Transcribe the data as written, minus images.

Data extract -

+++

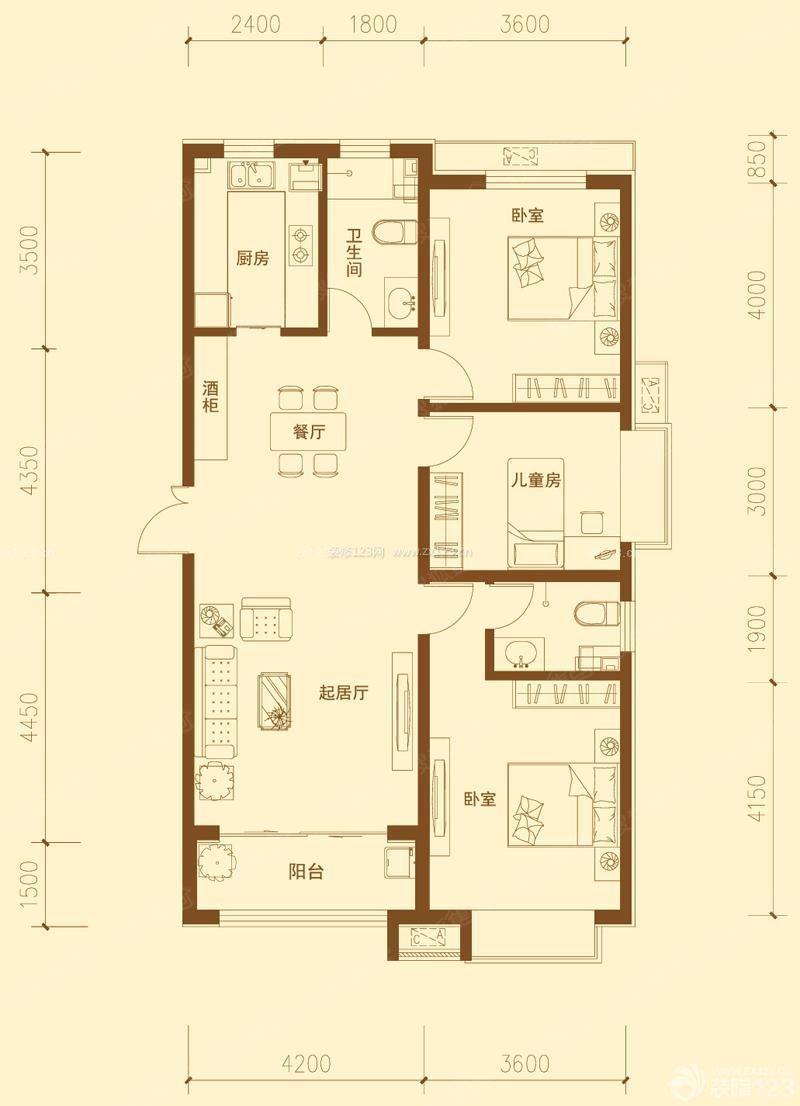 三室两厅长方形户型图大全_装信通网效果图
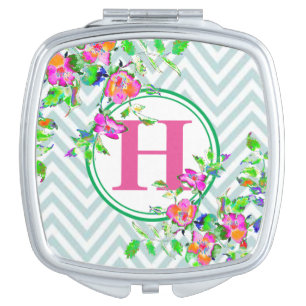 Vintage Pink Rose - blue zig zag -monogrammed Mirror For Makeup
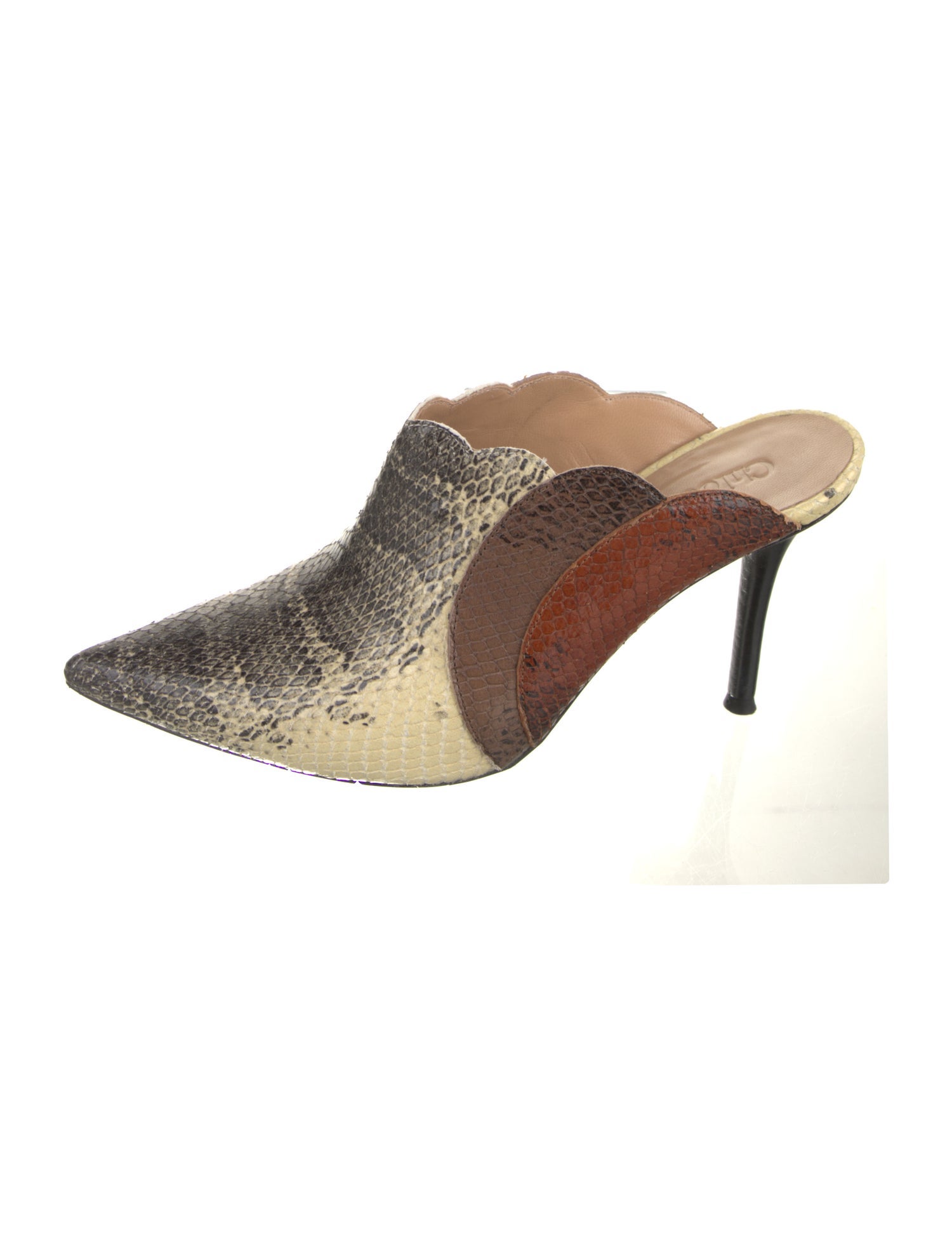 Chloé Snakeskin Animal Print Mules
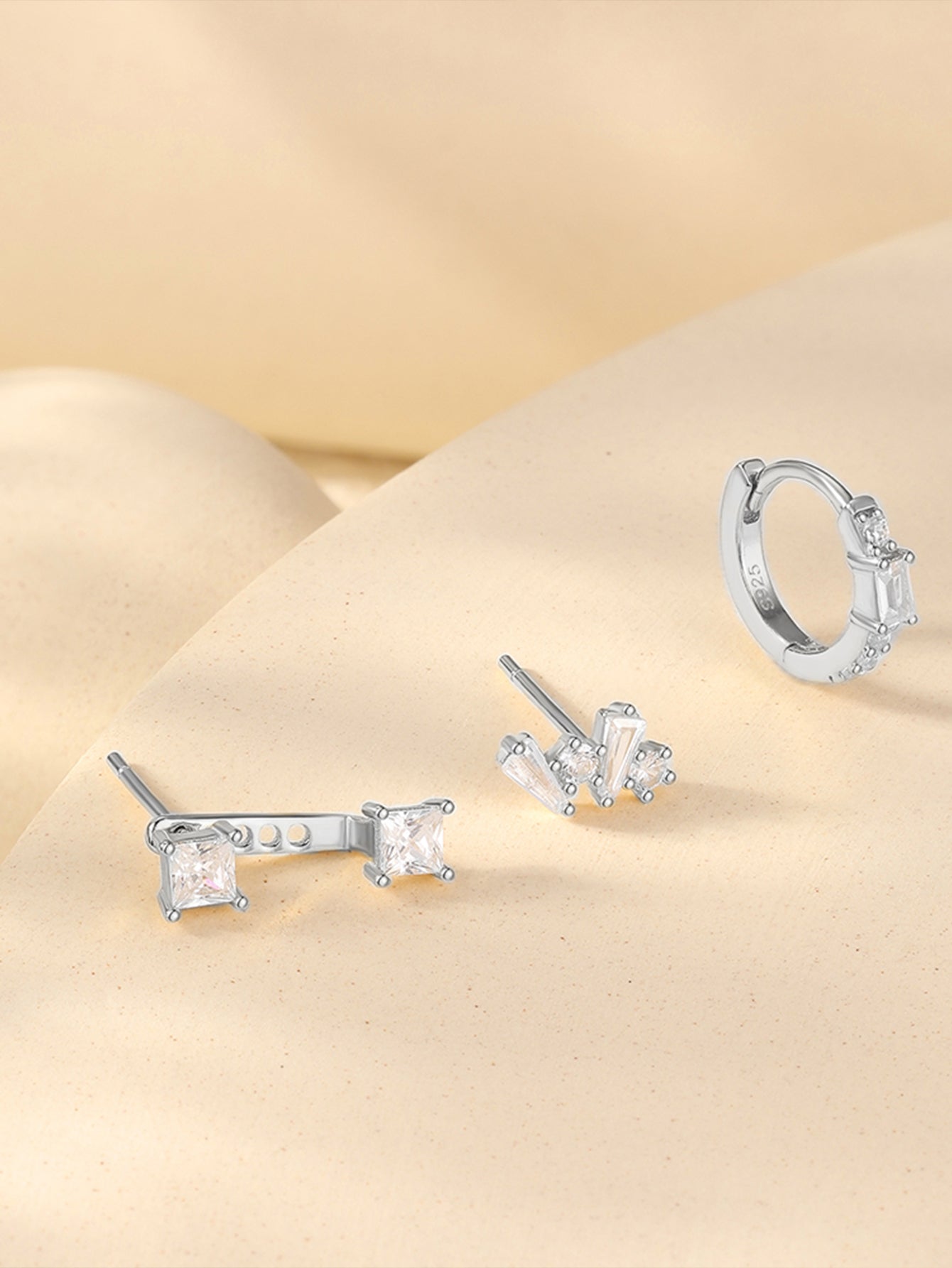 925 Sterling Silver Geometric Zircon Huggie Earring Set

+++

Reply to the exercise -
 三室两厅长方形户型图大全_装信通网效果图
 Vintage Pink Rose - blue zig zag -monogrammed Mirror For Makeup
 Chloé Snakeskin Animal Print Mules
 925 Sterling Silver Geometric Zircon Huggie Earring Set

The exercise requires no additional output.